The new contract would begin, retroactively, on November 1, 2009, and provide retroactive four percent pay raises for 2009 and 2010–comparable to the increases granted to many of the city’s other workers under former Mayor Michael Bloomberg.
Teachers will then receive a 10 percent raise over seven years, plus a $1,000 bonus, beginning in May 2013 and extending through October 31, 2018, with workers receiving an added 1 percent in 2013, 2014 and 2015, 1.5 percent in 2016, 2.5 percent in May 2017 and 3 percent in 2018. The terms must still be approved by the union’s full membership.
The retroactive portion of the raises will amount to at least $3.4 billion, including pension costs, according to Doug Turetsky of the city’s nonpartisan Independent Budget Office.
In exchange, the union has agreed to more than $1 billion in health care savings, according to the administration. The savings would be achieved not through increased contributions, however, but through measures including an audit to make sure only those eligible are receiving benefits and centralized drug purchases. If the same reforms were extended across the workforce, the city claims they would yield $3.4 billion in savings–”effectively bending the curve of rising healthcare costs for the first time.”
The deal also includes reforms to various rules, including changes to the “Absent Teacher Reserve pool,” where teachers are sent if they can’t find work in city classrooms. The new contract will include rules that allow the city to permanently fire teachers if, for instance, they are twice returning to the pool for poor performance by principals. The rules also expand the definition of sexual misconduct, which will make it easier for the city to fire teachers for actions like inappropriate touching or texting, officials said.
The new rules also pave the way for merit pay for high quality teachers, creating new categories of “Ambassador” ” Model” and “Master” teachers, who will earn between $7,000 and $20,000 more a year. A new “Hard to Staff School Differential” would also pay teachers at the city’s 150 toughest schools an extra $5,000 a year.
As part of the deal, the UFT has also agreed to allow 200 schools to operate outside of existing DOE regulations and union rules, allowing the city to experiment with a longer school year and school day, among other changes.

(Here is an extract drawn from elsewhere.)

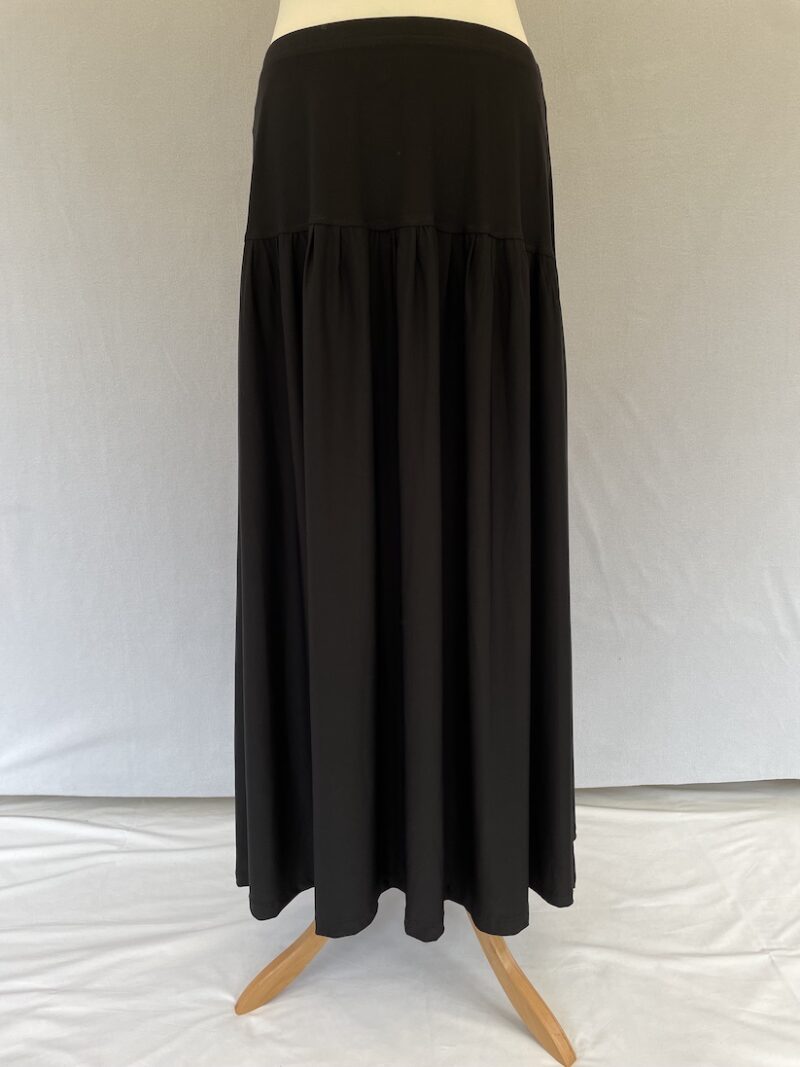 Passion black elastic jersey maxi skirt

The deal also requires twice as many parent-teacher conferences each year, and changes to teacher evaluations.
I don't see much to like here - who gets to be the "innovative" schools with the longer school days/years?
Is there more pay for that gig?
We know many principals want nothing to do with veteran ATR's, certainly because they cost more, but also because they're not as easy to control as younger teachers.
By giving ATR's two shots at a permanent gig or subjecting them to termination, they have essentially thrown most of them under the bus.
And what exactly will this merit pay proposal be based on, the one that pays up to $20K for being a "Master"?
Will this be based on the current evaluation system, which is a @#$%ing mess?
No wonder the other unions were reported to be pissed about Mulgrew's dealings - the UFT took zeroes after the old pattern (which is the 8% for 2009 and 2010) and didn't get another salary increase until May 2013.
That means little retro for the other unions, since most of the years they went without a contract will become zeroes in the pattern set by the UFT.
Wow - I will look some more at this deal, but what I see in the details so far is an absolute disaster.
No wonder the PBA declared an impasse with the city today - they didn't want to take the same shit deal Mulgrew is hailing.
Alas, it seems the UFT will set the pattern and all the other unions will get shit deals too.
I often say if you're a betting person, it pays to bet the worst possible outcome when Mulgarten and the Unity crew are handling things.
It looks like even with a fairly friendly mayor on the other side of the negotiation table, Mulgarten and the Unity crew screwed us - and the other unions in the city too.
That's why other union leaders are distancing themselves from this deal:
“I was surprised at how well the administration’s negotiators did considering the hand they were dealt,” said one labor source, who said the city had won “an incredible amount of leverage to win work rule reform, more healthcare givebacks, a change in pension payments, whatever’s on their agenda” with other unions.
And some were already trying to distance themselves by pushing against a one-size-fits-all approach.
“Every union’s members have different needs,” said Al O’Leary, a spokesman for police union chief Patrick Lynch, asserting that a deal “that satisfies one union’s needs may not satisfy the needs of other unions.”